The Seventh District Court of Appeals has reaffirmed its prior decision in Hupp v. Beck Energy Corp. In Belmont Hills Country Club v. Beck Energy Corp. and Bentley v. Beck Energy Corp., the appeals court relied on Hupp in holding that a conditional secondary term does not make a lease perpetual in nature and that the lease at issue contained an express waiver of implied covenants of reasonable development. Further, a lease that allows production in paying quantities to be determined “in the judgment of the lessee” does not create a perpetual because courts impose a good faith standard on the paying quantities determination. The court also held that the delay rental provision did not allow the lease to be held in perpetuity by making nominal payments.

Ohio Trial Court Rejects Local Drilling Ban

Relying on the recent authority in State ex rel. Morrison v. Beck Energy Corp., the Cuyahoga County Common Pleas Court struck down a local Ohio drilling ban. In Bass Energy, Inc. v. City of Broadview Heights, the court held that a charter amendment prohibiting new oil and gas drilling was in conflict with Ohio’s comprehensive statutes regulating oil and gas drilling. Because the local ban conflicted with the statewide regulatory scheme, it did not meet the requirements of Ohio’s Home Rule Amendment and was ruled to be unenforceable. The court specifically stated that the charter amendment was an invalid exercise of Broadview Heights’ home rule authority.

Ohio Supreme Court Rejects Municipal Ordinances Regulating Oil and Gas Operations

The Ohio Supreme Court issued a ruling in favor of Beck Energy, holding that Ohio Constitution’s home rule amendment does not allow a municipality to enforce its own oil and gas permitting scheme on top of the state system. In the case, the city of Munroe Falls adopted an ordinance prohibiting the drilling of an oil and gas well until a conditional zoning certificate had been obtained. The ordinance also required payment of additional application fees and the posting of a performance bond. The Ohio General Assembly had adopted a uniform statewide regulation of all oil and gas operations in Revised Code Chapter 1509. The Court held that the Ohio Constitution vests the General Assembly with the power to to pass laws providing for the “regulation of methods of mining, weighing, measuring and marketing coal, oil, gas and all other minerals” and the comprehensive regulatory scheme created by the General Assembly does exactly that. The home rule amendment to the Ohio Constitution does not allow a municipality to discriminate against, unfairly impede, or obstruct oil and gas activities and production operations that the state has permitted under R.C. Chapter 1509.
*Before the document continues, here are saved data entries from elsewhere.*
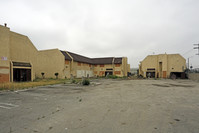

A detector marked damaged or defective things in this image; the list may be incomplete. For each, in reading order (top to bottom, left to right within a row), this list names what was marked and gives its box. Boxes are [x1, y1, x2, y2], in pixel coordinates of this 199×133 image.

cracked asphalt [0, 79, 199, 133]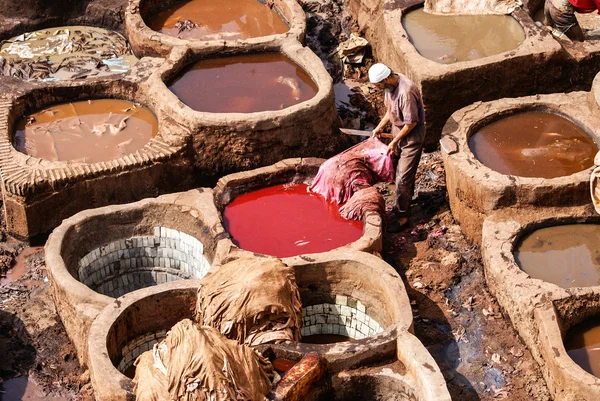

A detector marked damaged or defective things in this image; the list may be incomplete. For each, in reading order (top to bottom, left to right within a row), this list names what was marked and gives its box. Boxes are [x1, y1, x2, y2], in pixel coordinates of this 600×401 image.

cracked concrete edge [124, 0, 308, 57]
cracked concrete edge [440, 91, 600, 241]
cracked concrete edge [482, 208, 600, 398]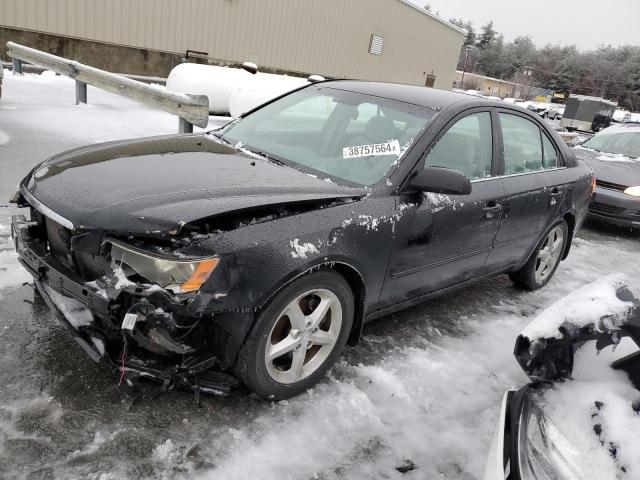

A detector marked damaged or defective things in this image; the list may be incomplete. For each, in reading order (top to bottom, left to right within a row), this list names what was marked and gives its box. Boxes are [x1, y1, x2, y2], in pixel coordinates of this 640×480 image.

damaged front end [12, 210, 242, 398]
crushed bumper area [12, 216, 242, 396]
broken headlight [109, 240, 218, 292]
exposed headlight assembly [109, 240, 218, 292]
broken headlight [516, 390, 584, 480]
exposed headlight assembly [516, 390, 584, 480]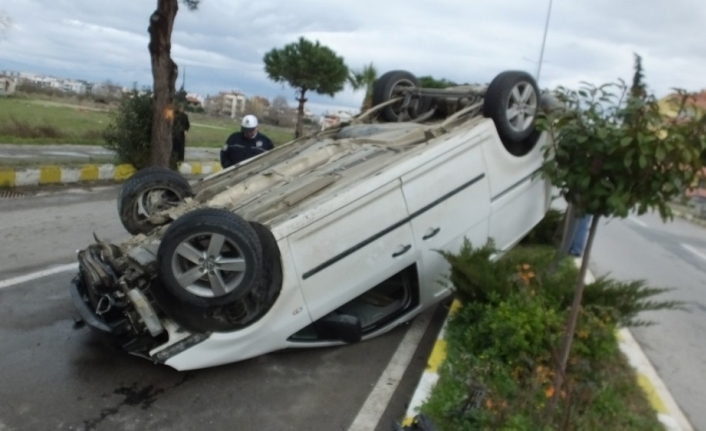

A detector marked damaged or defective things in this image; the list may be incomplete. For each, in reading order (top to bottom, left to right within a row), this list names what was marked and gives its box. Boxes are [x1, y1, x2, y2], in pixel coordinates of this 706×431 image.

damaged front bumper [72, 240, 208, 362]
overturned white car [73, 68, 556, 372]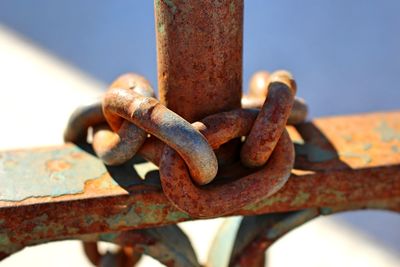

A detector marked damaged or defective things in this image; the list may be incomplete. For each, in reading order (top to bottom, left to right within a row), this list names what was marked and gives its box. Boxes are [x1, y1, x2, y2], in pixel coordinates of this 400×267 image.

peeling paint [0, 146, 106, 202]
rusty chain [65, 70, 306, 219]
corroded metal pole [154, 0, 242, 122]
oxidized iron [241, 71, 296, 168]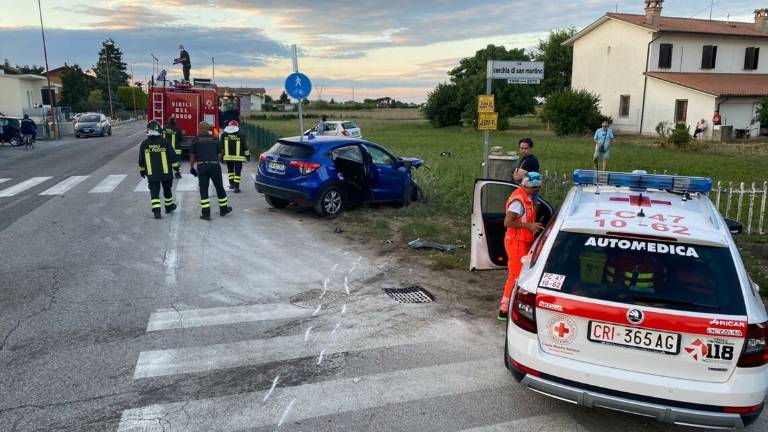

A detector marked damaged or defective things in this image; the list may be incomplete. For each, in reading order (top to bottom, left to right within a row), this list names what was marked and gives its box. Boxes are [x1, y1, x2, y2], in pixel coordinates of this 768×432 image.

blue damaged car [255, 136, 424, 218]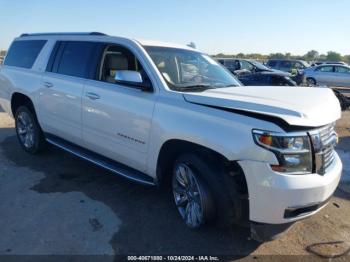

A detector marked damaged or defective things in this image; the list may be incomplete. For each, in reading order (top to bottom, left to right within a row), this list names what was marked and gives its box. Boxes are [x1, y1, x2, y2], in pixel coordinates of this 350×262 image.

damaged vehicle [0, 32, 344, 242]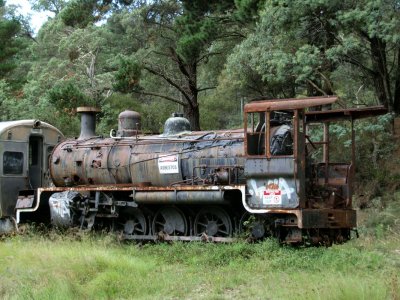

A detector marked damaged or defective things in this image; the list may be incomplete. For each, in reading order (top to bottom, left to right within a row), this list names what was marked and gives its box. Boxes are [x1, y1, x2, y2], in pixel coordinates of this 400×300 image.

corroded metal boiler [49, 109, 244, 186]
rusted steam locomotive [14, 97, 384, 245]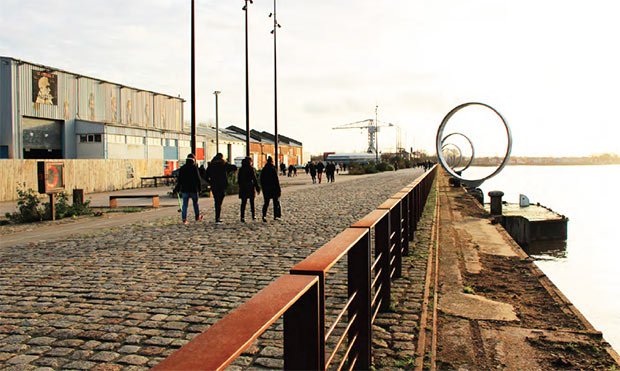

Ohio Supreme Court Schedules Oral Argument in Dormant Mineral Act Cases

The Ohio Supreme Court scheduled oral argument in two significant Dormant Mineral Act (“DMA”) cases. Oral argument has been scheduled on Corban v. Chesapeake Exploration, L.L.C. for May 6, 2015. As previously reported on ShaleEnergyLawBlog, the Corban case is likely to decide whether the 1989 or 2006 version of the DMA applies to current cases.

The Court also scheduled oral arguments in Walker v. Shondrick-Nau for June 23, 2015. The Walker case is set to decide similar issues concerning application of the DMA.